Ia pernah hampir putus asa saat kameranya rusak total. Seperti yang ia tulis dalam buku ketiganya berjudul Titik Nol, “Semangat yang meredup itu memang lebih membunuh daripada fisik yang remuk redam.”
Namun baginya, kesulitan yang dirasa paling mengganggu adalah soal birokrasi. “Ketakutan saya adalah ketika visa berakhir dan masih belum dapat visa negara selanjutnya.” Ia pernah overstayed dan didenda. Keadaan terkatung-katung tanpa kepastian itu yang lebih ditakutkan oleh pria yang lihai berbahasa Mandarin Farsi, Rusia, Urdu, Nepal, Turki, Kirgiztan, dan beberapa bahasa lainnya.
Sebuah catatan persembahan
Cerita perjalanannya secara rutin ia catat di sebuah jurnal. Baginya, proses menulis adalah proses menyusuri lagi perjalanan yang sudah dilakukan. Catatan-catatan itu kemudian diolah lagi dan dipublikasikan di rubrik Petualang Kompas pada 2008 – 2009.
Kisah perjalanan ke negeri-negeri “Stan” tersebut diterbitkan menjadi sebuah buku berjudul Titik Nol. Penerbitnya sama dengan yang menerbitkan dua buku terdahulunya, Selimut Debu dan Garis Batas. Versi buku setebal 552 halaman ini berbeda dengan versi artikel berseri terdahulu. Agustinus menambahkan kisah personal antara ia dan sang ibu, yang saat itu tengah berjuang melawan penyakit.
Baginya, ini adalah buku paling personal yang pernah ia buat. Di dalamnya terdapat momen saat ia kembali ke wajah-wajah familiar setelah belasan tahun meninggalkan rumah.
Ratusan foto hasil jepretannya saat berkelana ia pajang dalam situs pribadinya yang beralamat di www.avgustin.net, selain puluhan tulisan perjalanan yang dimuat di berbagai media massa.

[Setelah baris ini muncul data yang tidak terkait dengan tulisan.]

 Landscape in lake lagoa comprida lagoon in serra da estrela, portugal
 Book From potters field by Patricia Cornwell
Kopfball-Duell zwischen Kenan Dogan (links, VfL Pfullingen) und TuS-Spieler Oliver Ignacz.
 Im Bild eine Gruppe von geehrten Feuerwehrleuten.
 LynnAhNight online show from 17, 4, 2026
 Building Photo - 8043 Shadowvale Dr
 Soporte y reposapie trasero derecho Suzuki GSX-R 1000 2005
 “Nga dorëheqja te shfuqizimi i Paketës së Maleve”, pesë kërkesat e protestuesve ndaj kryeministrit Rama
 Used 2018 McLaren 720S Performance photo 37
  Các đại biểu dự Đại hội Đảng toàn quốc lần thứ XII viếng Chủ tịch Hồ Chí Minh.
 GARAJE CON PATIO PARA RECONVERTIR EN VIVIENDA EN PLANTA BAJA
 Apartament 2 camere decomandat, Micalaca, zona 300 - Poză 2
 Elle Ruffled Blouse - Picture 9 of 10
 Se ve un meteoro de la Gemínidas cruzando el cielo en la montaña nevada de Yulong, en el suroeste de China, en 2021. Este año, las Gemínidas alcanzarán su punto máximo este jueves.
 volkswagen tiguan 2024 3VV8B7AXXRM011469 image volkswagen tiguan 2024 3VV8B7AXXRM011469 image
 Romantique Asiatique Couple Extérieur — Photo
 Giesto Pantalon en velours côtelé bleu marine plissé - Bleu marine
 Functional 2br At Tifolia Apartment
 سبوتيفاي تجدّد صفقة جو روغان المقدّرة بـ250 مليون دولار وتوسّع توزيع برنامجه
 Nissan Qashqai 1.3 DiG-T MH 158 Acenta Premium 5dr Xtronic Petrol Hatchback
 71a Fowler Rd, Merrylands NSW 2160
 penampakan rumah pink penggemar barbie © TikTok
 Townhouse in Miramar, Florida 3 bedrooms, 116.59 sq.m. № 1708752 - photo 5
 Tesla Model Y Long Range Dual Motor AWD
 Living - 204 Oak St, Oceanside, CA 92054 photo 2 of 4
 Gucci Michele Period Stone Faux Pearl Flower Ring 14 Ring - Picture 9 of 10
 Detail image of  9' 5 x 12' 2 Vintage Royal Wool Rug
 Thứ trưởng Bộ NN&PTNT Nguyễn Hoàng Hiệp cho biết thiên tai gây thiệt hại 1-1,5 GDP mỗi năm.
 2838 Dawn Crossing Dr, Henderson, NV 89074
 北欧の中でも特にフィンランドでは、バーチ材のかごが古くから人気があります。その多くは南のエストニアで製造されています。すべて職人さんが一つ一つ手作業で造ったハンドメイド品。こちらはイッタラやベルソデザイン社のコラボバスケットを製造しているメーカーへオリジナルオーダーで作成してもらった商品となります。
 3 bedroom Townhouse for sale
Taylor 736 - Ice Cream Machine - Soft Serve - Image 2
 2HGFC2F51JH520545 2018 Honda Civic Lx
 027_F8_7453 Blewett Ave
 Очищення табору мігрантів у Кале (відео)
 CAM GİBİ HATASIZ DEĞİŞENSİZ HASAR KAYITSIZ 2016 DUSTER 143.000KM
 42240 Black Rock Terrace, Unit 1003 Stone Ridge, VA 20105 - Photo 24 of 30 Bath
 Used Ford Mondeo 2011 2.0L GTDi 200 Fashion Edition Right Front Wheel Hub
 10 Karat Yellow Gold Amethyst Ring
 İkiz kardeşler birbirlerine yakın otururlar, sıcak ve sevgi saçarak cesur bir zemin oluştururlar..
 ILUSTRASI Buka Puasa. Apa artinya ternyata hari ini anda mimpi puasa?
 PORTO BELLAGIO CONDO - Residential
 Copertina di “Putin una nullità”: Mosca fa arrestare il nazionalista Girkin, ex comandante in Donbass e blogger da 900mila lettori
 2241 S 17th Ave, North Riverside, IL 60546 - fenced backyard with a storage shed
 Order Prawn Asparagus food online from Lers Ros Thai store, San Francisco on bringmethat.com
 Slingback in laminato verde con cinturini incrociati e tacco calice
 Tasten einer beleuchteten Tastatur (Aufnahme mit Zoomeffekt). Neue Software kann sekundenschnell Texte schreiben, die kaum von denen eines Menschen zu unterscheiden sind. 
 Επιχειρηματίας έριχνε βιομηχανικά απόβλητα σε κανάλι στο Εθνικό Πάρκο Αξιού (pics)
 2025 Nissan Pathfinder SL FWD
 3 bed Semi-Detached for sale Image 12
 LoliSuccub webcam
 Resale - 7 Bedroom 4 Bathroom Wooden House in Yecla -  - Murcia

Saat ini Agustinus menetap di ibukota untuk sementara. Tapi ia tidak akan tinggal diam. Perjalanan bukan sekadar liburan untuk melarikan diri sejenak dari rutinitas. Perjalanan sudah menjadi hidup itu sendiri. Seperti yang ia tuliskan dalam Titik Nol, “‘Rumah’-ku sekarang adalah jalanan yang membentang. Aku adalah nomad, napasku adalah perpindahan.”